Drug Intervention of Spontaneous Hyperventilation in Patients With Aneurysmal Subarachnoid Hemorrhage

Sponsor
Capital Medical University (Other)
Overall Status
Recruiting
CT.gov ID
NCT04940273
Collaborator
(none)
30
1
1
10
3

Study Details

Study Description

Brief Summary

Although spontaneous hyperventilation patients with aneurysmal subarachnoid hemorrhage closely associated with poor outcomes, the standard therapy remains unavailable. Remifentanil has the pharmacological characterization of respiratory inhibition, mainly prolonging the expiratory time and decreasing the respiratory rate while preserving the respiratory drive. The investigators hypothesis that spontaneous hyperventilation could be corrected by titrating the dose of remifentanil and cerebral blood flow will augment during this process.

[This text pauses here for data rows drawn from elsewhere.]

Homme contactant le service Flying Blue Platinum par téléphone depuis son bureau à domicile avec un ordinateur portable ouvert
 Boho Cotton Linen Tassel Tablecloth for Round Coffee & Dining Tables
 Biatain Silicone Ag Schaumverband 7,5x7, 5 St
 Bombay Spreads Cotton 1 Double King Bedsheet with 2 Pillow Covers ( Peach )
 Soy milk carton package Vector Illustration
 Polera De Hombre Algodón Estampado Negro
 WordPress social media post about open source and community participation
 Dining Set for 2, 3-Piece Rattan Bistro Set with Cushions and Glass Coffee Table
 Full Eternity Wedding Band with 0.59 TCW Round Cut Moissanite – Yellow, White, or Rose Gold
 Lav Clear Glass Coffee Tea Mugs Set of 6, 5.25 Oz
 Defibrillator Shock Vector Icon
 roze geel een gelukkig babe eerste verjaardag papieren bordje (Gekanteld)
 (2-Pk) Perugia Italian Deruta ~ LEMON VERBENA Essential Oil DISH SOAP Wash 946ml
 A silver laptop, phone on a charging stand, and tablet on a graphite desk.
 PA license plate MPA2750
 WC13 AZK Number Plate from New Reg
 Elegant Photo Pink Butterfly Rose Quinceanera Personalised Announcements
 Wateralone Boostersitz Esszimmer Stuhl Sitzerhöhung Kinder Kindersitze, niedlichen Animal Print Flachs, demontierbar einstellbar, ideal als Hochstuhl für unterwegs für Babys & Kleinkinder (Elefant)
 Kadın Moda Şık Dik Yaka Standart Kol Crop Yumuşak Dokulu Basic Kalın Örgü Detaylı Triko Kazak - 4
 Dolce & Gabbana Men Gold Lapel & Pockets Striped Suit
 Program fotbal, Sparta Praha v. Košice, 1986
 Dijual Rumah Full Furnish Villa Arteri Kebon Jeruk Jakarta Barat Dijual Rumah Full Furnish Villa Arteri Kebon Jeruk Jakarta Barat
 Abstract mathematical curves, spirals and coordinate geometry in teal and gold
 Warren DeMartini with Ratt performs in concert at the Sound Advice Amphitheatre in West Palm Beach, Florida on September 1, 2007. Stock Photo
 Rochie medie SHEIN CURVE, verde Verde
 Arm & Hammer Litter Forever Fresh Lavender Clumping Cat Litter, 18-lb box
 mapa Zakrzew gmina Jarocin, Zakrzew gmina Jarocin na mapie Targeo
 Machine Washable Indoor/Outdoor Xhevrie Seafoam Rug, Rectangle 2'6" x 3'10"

Condition or Disease Intervention/Treatment Phase
  • Drug: Remifentanil Injection [Ultiva]
N/A

Detailed Description

Evidence has shown a high incidence of spontaneous hyperventilation in patients with aneurysmal subarachnoid hemorrhage (aSAH), which is associated with poor outcomes. It's well established that the hypocapnia caused by hyperventilation leads to cerebral vasoconstriction, reduces the cerebral blood flow, and decreases the cerebral blood volume and intracranial pressure consequently. However, persistent cerebral vascular constriction increases the risk of cerebral ischemia; therefore, maintaining a partial pressure of arterial carbon dioxide (PaCO2) in the range of 35-40mmHg is recommended to minimize the hazard hypocapnia.

There's still no standard method to deal with spontaneous hyperventilation. Based on the pharmacology and clinical experience, remifentanil seems to be an ideal choice since it could inhibit the respiratory rate in a dose-dependent fashion. As one of the most used short-acting opioids, remifentanil could prolong the expiratory time, meanwhile not influencing the inspiratory time and respiratory drive, consequently decreasing respiratory rate and maintaining the tidal volume.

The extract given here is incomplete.